* Problem details:
Below are some records. Return exactly their lines from the one containing "Popeia organic cotton" through the one containing "Fiza Black velvet shawl dress", and drop the pictures.

* Recorded information:
==*==

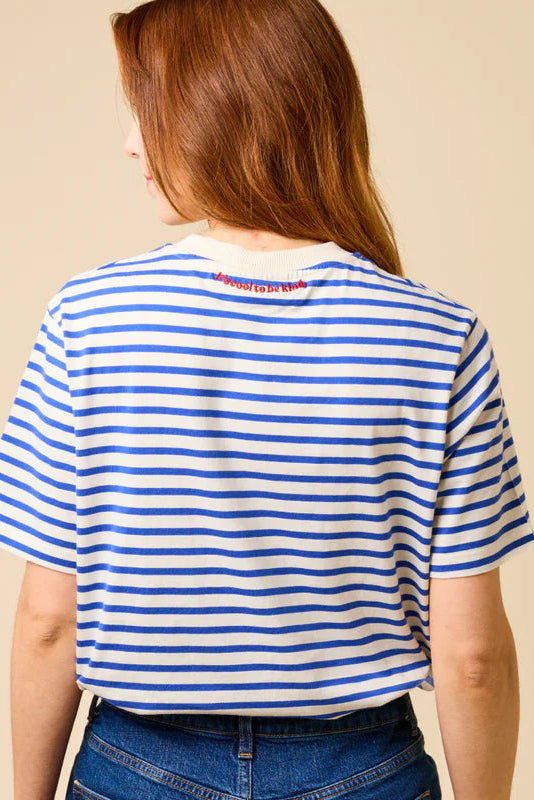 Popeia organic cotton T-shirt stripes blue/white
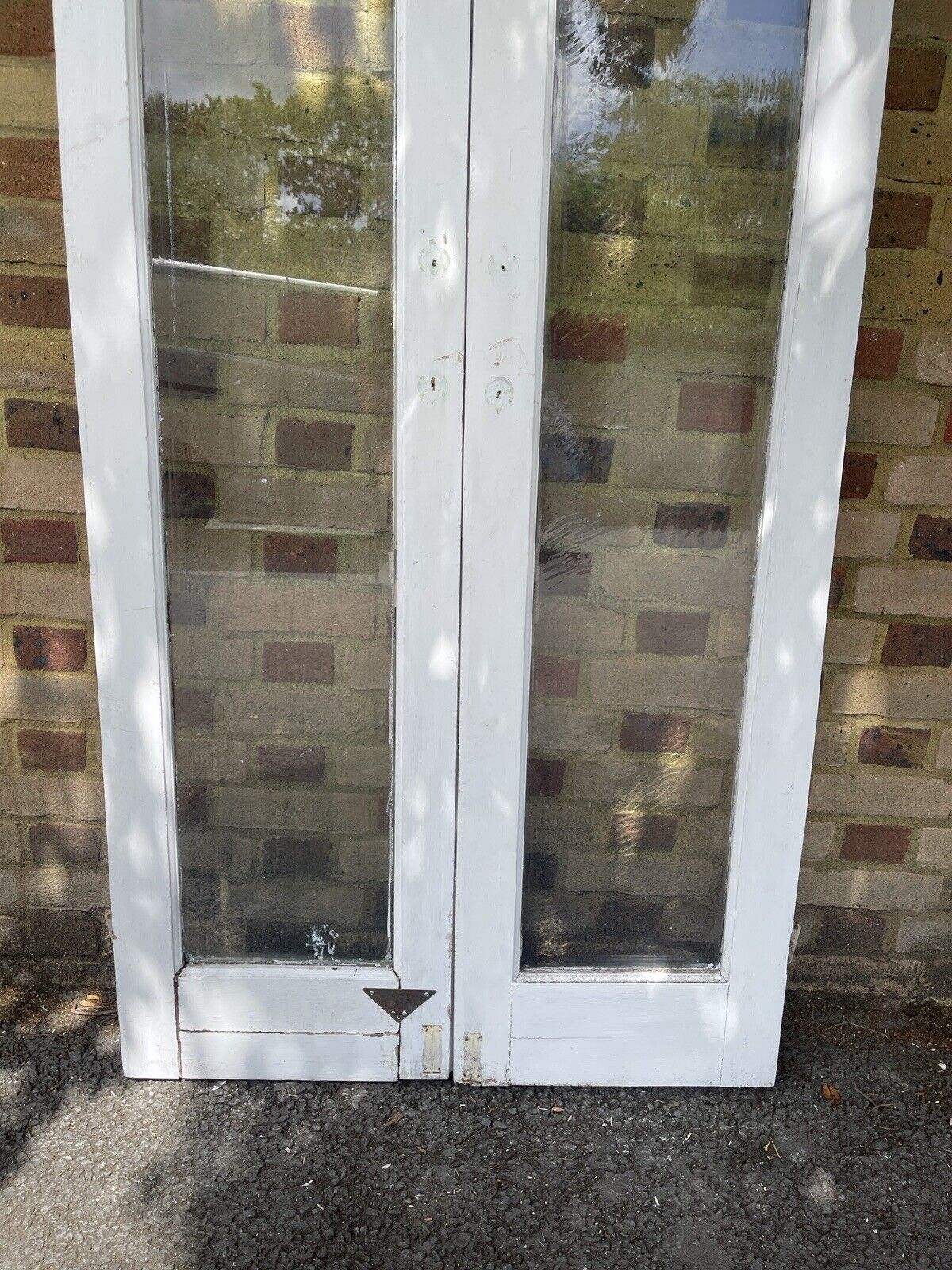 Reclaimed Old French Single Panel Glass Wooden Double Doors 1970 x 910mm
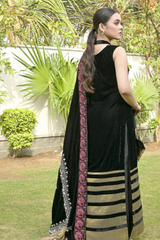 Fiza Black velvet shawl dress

==*==

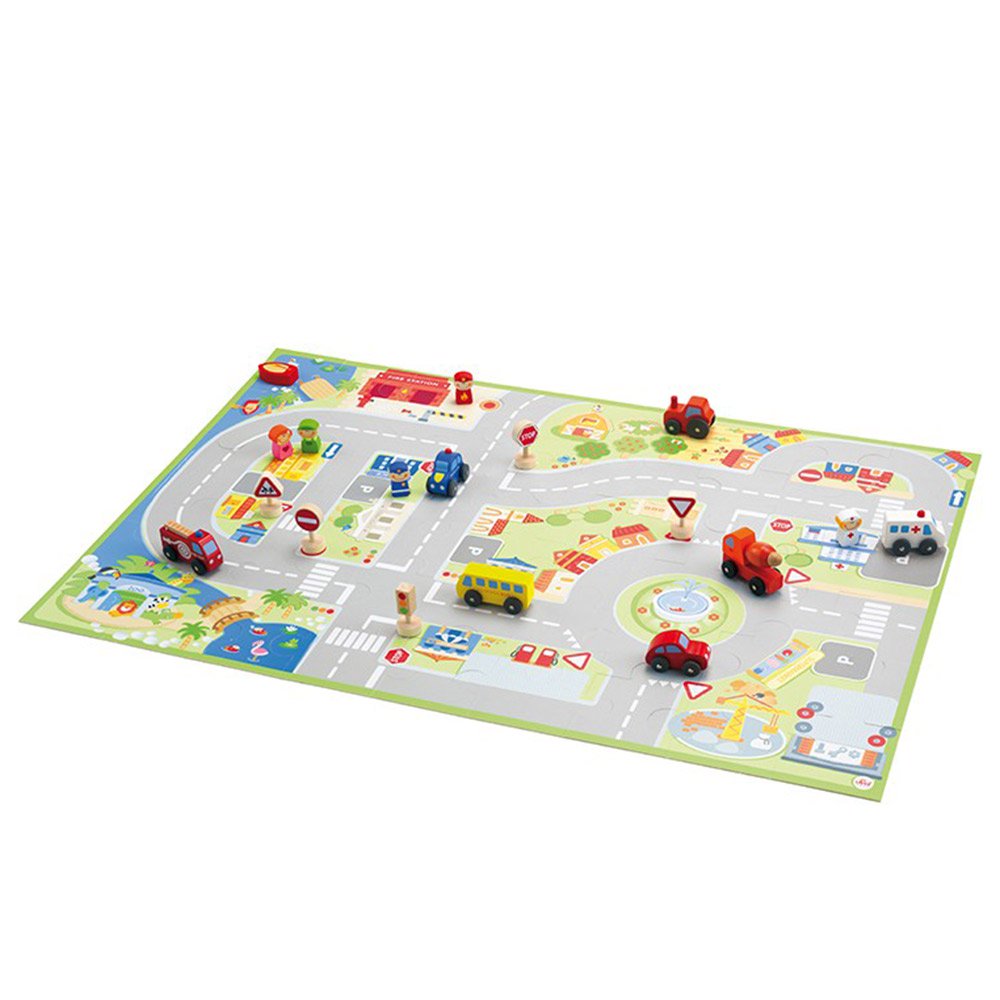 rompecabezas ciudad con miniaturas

==*==

* Final answer:
 Popeia organic cotton T-shirt stripes blue/white
 Reclaimed Old French Single Panel Glass Wooden Double Doors 1970 x 910mm
 Fiza Black velvet shawl dress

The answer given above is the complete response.